Rescue System » History » Version 140

« Previous - Version 140/202 (diff) - Next » - Current version
Branislav Katreniak, 04/20/2018 12:40 PM


Rescue System

A minimal Linux system, that is loaded before the main system.

- Select a kernel in /boot on the main rootfs based on priority, verify checksums
- Enable re-flashing the rootfs from a given URL

https://git.digitalstrom.org/bsp/rescue-system (part of this wiki moved to in-project documentation)

Presentation rescue_gdansk_2018.pdf

Switch DSS to devel feed

Enable ssh access in web configurator

ssh dssadmin@dss-ip.local
su
opkg update
opkg install rescue-utils
sed  -n 's/.*\(rescue-.*\).*/\1/p' /proc/cmdline
# run `<pre>rescue-install.sh && reboot</pre>` if no match found
reflash_rootfs yocto-devel

Install

rescue system should be installed by default on devel/testing feeds, which can be checked from the kernel cmdline

Booted from rescue system and what is its version?

rescue-system appends its version to the cmdline of the 2nd stage kernel

$ sed  -n 's/.*\(rescue-.*\).*/\1/p' /proc/cmdline
rescue-system=2017.K-test01
$ awk -v RS=" " -v FS="=" '/rescue-system/ {print $2}' /proc/cmdline
2017.K-test01
# for i in in `cat /proc/cmdline`; do echo $i; done
...
rescue-system=2017.K-test01

Alternative:

TODO pls mangle to use case

/usr/lib/kernel/install.d/90-loaderentry.install

if ! [[ ${BOOT_OPTIONS[*]} ]]; then
    read -r -d '' -a line < /proc/cmdline
    for i in "${line[@]}"; do
        [[ "${i#initrd=*}" != "$i" ]] && continue
        BOOT_OPTIONS+=("$i")
    done
fi

to install it explicitly

opkg install rescue-install

Reflash of Rootfs

WARNING

You can easily destroy your device following these step. This has not yet been tested widely and is intended to be done in a laboratory environment where you have access to the boot loader and can restore the device by other means. Make sure you backup all your settings, metering data, etc. In case of problems request help on the irc channel, because this will definitely VOID YOUR WARRANTY

Reflash rootfs

# opkg install rescue-utils
# reflash_rootfs -h
Usage:
  reflash_rootfs [-u url] [-t feed]
Options:
  -t use a predefined url based on devel/testing/production
  -l list available feeds
  -u specify url to desired rootfs explicitly
  -h print this help
  -n no signature checks

Will create a reflash request file. This file serves as a command to the
rescue system, to erase the existing rootfs and re-install it from given url.

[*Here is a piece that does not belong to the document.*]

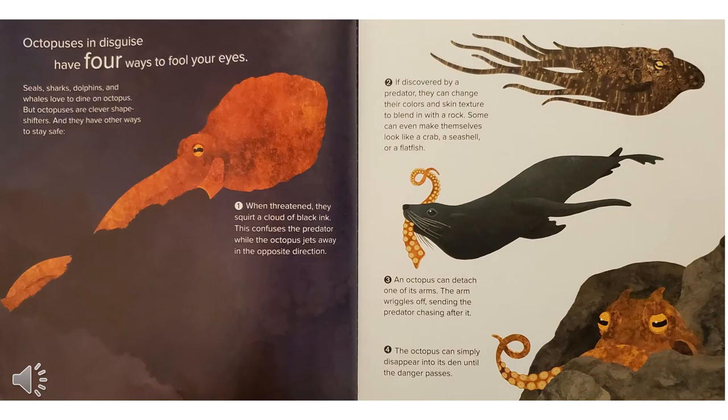Octopuses in disguise have four ways to fool your eyes. Seals, sharks, dolphins, and whales love to dine on octopus. But octopuses are clever shapeshifters, and they have other ways to stay safe. Number one, when threatened, they squirt a cloud of black ink. This confuses the predator while the octopus jets away in the opposite direction.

This will create a file /var/lib/rescue-system/reflash_request.conf. That folder serves as mailbox for communication with the rescue-system

ROOTFS_IMAGE_URL=url
ROOTFS_IMAGE_FILE=path   (use either IMAGE_URL or IMAGE_FILE)
ROOTFS_IMAGE_BYTES=number (optional)
ROOTFS_SIGNATURE_FILE=path (optional)
ROOTFS_CHECKSUM=number (optional)

Switching feeds

You can easily destroy your device following these step. If you don't know why this is needed, don't do it. Please read the Warning before continuing

# reflash_rootfs -n -t yocto-fieldtest

Production/Fieldtest uses keys that are better protected then devel/testing keys. If you need to switch from production/fieldtest to devel or testing, or reverse, image verification will fail. This is because the rescue system only knows the public key of its own feed. Hence production rescue system can not install devel rootfs that is signed with the less protected devel key. If you have root access you can bypass the test though

Verify the created /var/lib/rescue-system/reflash_request.conf and remove the SIGNATURE URL line

Issue reflash rootfs from rescue shell

DSS RESCUE /# ifup eth0
DSS RESCUE /# reflash-rootfs /etc/rescue-system/default_rootfs_download.conf

Selecting target kernel based on priority

Inspired by the Freedesktop Bootloader Specification
http://freedesktop.org/wiki/Specifications/BootLoaderSpec/

Idea is to drop/remove files into a folder without any re-configuration of the boot loader

The kernel to be booted is selected based on kernel version. Higher version means higher priority. The boot entry has to follow a certain naming schema. The description is ignored.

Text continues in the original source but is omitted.